PRs to swift-algorithms for these are welcome! Sequence.grouped(by:) and Sequence.keyed(by:) can be added in one PR; if someone wants to experiment with variants of map/flatMap/etc with a generic result, then that could be done in another.

Once these get into a swift-algorithms release, we can start collecting example use cases to strengthen the case of adding them to the Standard Library.

I don't think this is true. For what it's worth, I continue to consider these packages as temporarily embarrassed parts of the Swift Standard Library, exactly as I looked at them when they were initially published. It is of course probable that some package constructs will never realize this ambition; and I expect constructs will not get added in the same order they were originally introduced.

Some of these packages have now existed for 2-3 or so years; this ought to be a good amount of time for people to gain experience with using the original constructs. I believe forum pitches and subsequent proposal reviews will be a great way to formally collect people's feedback about this experience. (I personally expect this will be a much more productive use of everyone's time than having us argue on the imagined pros and cons of APIs we never actually tried using in practice!) The issues filed on the packages themselves are part of this feedback loop too.

For convenience shortcuts like grouped(by:) and keyed(by:), I think the primary benefit of previewing them in a package is precisely to streamline the eventual proposal process -- if we can clearly demonstrate the utility of these based on year(s?) of widespread use in a standard package, then I hope that will help avoid some of the more predictable/tedious arguments that tend to pop up during such reviews. (Admittedly perhaps replacing them with objections that the package is already good enough.)

I (and presumably the other maintainers of these Standard Library-adjacent packages as well) would be very eager to start proposing individual constructs for adoption in the stdlib. However, I don't think we should hurry up and randomly add arbitrary things to the stdlib without a clear reason to do so.

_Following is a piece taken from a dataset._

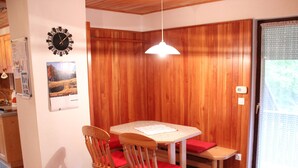 A dining area with a wooden table, two chairs, a red cushion, a wall clock, and a hanging light fixture. - Serene Apartment in Bohinjsko Jezero near Ski Lift (Bohinj)
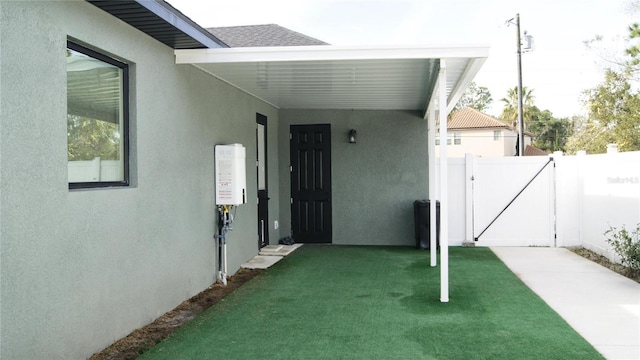 view of exterior entry with a yard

Perhaps most importantly, in some of these cases we're still blocked on the language maturing enough to allow us to replace the temporary stand-ins that ship in these packages. swift-atomics is the most obvious example for this (not having atomics/locks in the stdlib is getting more painful with every passing day), but even for types in swift-collections and swift-algorithms, ideally we should hold off moving them into the stdlib until the dust settles on non-copiable types. Prematurely moving them would almost certainly make it more difficult to add support for non-copiable elements later.